How MONO learns from you without sending your data anywhere

2026-04-14·MONO Team·6 min read

How most assistants "learn"

ChatGPT, Copilot, Gemini — they all store your conversation history on their servers. They use that history for two things: (a) give you context when you return, (b) train future models (unless you pay Enterprise and opt out).

When you tell them "remember my mom is named Rose", that data lives in OpenAI or Google's central database. Multi-tenant. Next to the data of millions of other users. A mis-filtered SQL query, a curious employee, a court order — all are leak vectors.

MONO's memory: local, yours

In MONO, your memory lives in SurrealDB running on your VPS. Three main tables:

memory: atomic facts ("mom's name is Rose", "birthday May 3", "shellfish allergy").
entity: people, places, companies, projects (with relationships).
topic: self-emerging thematic clusters (work, health, family).

Each one has vector (HNSW) and full-text (BM25) indexes over your data. When you ask your MONO "what do I know about my mom?", the agent searches these tables on your VPS, finds related facts, and uses them as context for the response.

What the LLM sees

Here's the subtle point. MONO uses Claude (Anthropic) or GPT (OpenAI) to generate responses. Those calls go to the provider's cloud. So what data is sent?

Only the current request's context. If you ask "what do I know about my mom?", the pipeline:

Searches your local memory — returns 3-5 relevant facts (~300 tokens).
Builds a prompt: "User asks X. Relevant context: [facts]. Respond."
Sends the prompt to Claude.

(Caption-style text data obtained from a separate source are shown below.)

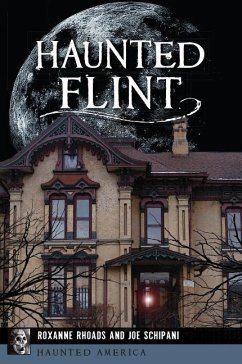 Haunted Flint - Rhoads, Roxanne; Schipani, Joe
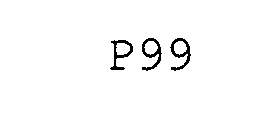 P99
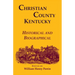 Christian County, Kentucky, Historical and Biographical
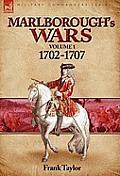 Marlborough's Wars: Volume 1-1702-1707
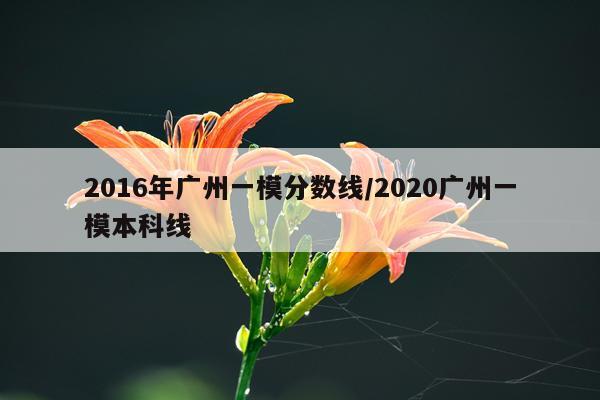 2016年广州一模分数线/2020广州一模本科线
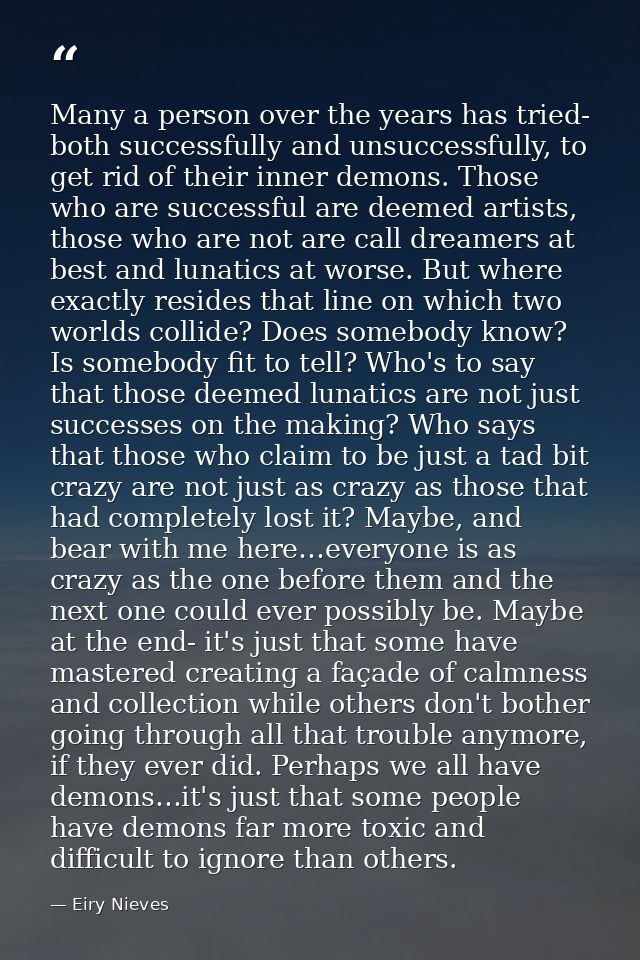 Many a person over the years has tried- both successfully and unsuccessfully, to get rid of their inner demons. Those wh — Eiry Nieves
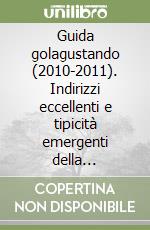 Guida golagustando (2010-2011). Indirizzi eccellenti e tipicità emergenti della ristorazione libro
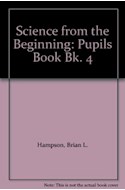 Papel SCIENCE FROM THE BEGINNING 4 [NEW EDITION]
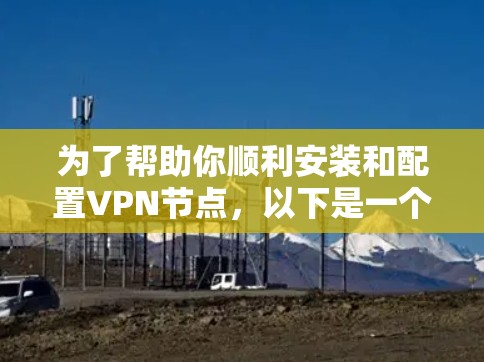 为了帮助你顺利安装和配置VPN节点,以下是一个详细的教程步骤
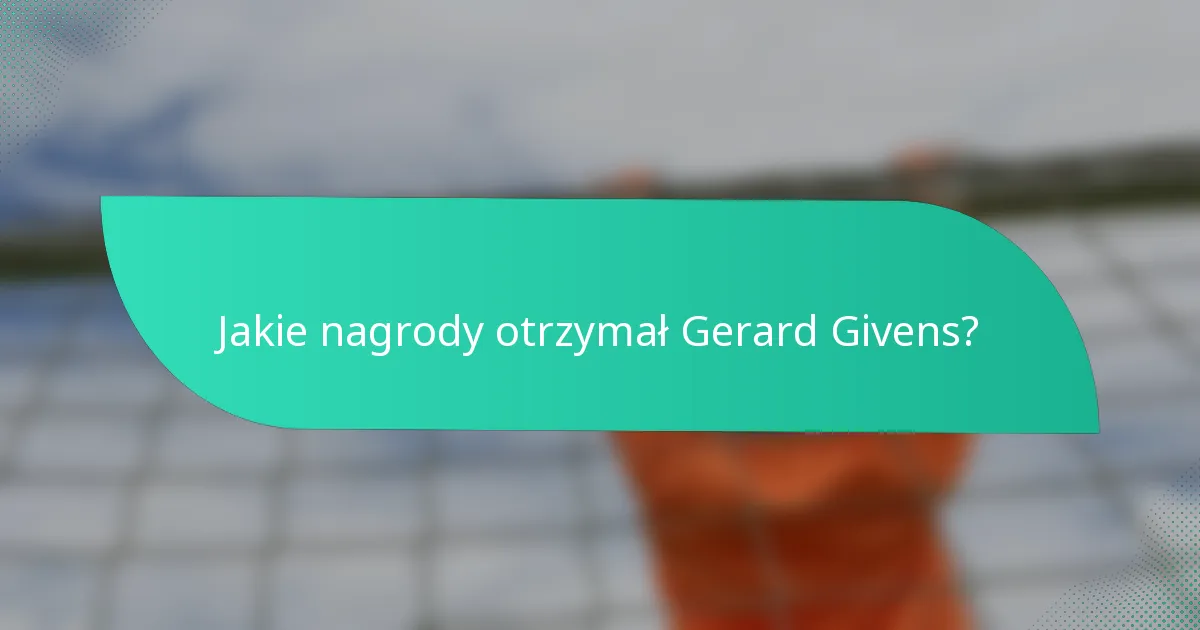 Jakie nagrody otrzymał Gerard Givens?
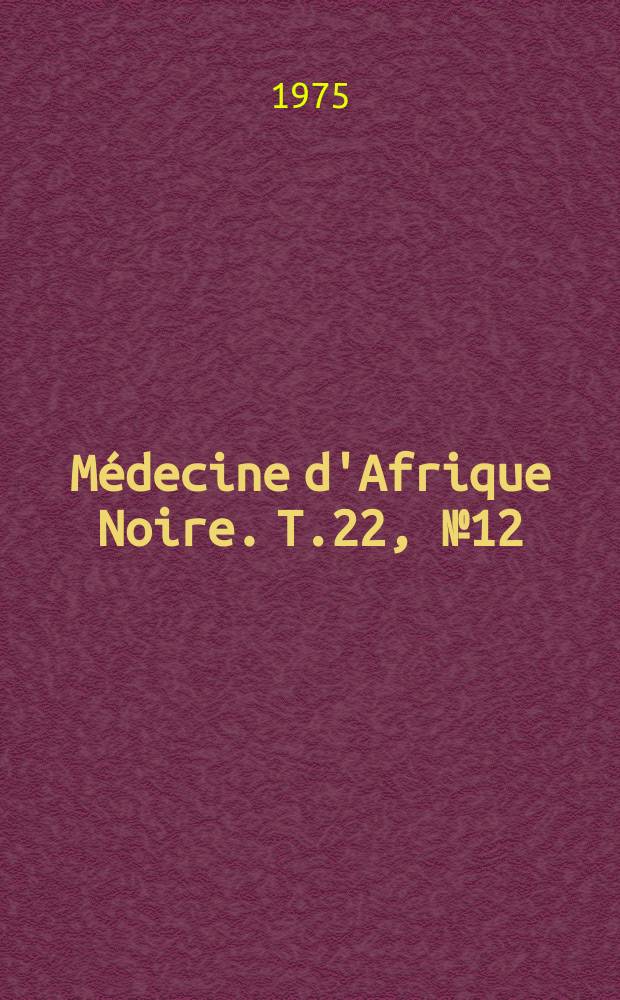 M&eacute;decine d'Afrique Noire. T.22, №12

Claude generates response. Done.

Claude does not retain that prompt (Anthropic API Zero-Data-Retention policy). The facts sent are minimal (not your full history). The complete base memory never leaves your VPS.

But still — it reaches the LLM?

Yes. That's the honest trade-off. If you want zero cloud, you need local inference — a Llama 3.3 model running on your own VPS. That's possible but requires larger VPSs (16GB RAM+) and is slower (tokens/sec lower than cloud).

MONO is working on self-hosted Llama 3.3 support on the same VPS. By mid-2026, if you configure MONO in BYOK with a local model, your conversations never touch the cloud. Zero data leaves.

For now, the default is Claude with no-retention policy. For most users, the reasonable trade-off: your full history lives local (big advantage vs ChatGPT), and the individual request passes through a provider with a privacy contract (still better than multi-tenant).

What your MONO learns over time

Because memory persists across conversations, your MONO accumulates:

Names and birthdays of your circle.
Diets, allergies, preferences.
Routines (gym time, bedtime).
Spending patterns by category.
Ongoing projects and their state.
Passwords and docs (encrypted, Vault skill).
Notes and reflections (Memory skill).

With 3 months of use, MONO knows more about your day-to-day than most of your family. That's why the privacy architecture matters so much: what a useful assistant becomes, other services call a "catastrophic breach".

The honest version

MONO isn't 100% offline yet. It uses cloud LLMs for responses. But: (1) your full history never uploads, only per-request fragments, (2) providers have no-retention policies, (3) your VPS is only yours — not multi-tenant. Compared to ChatGPT where everything lives in OpenAI's multi-tenant cloud, the delta is huge. And we're heading toward local Llama to close the last gap.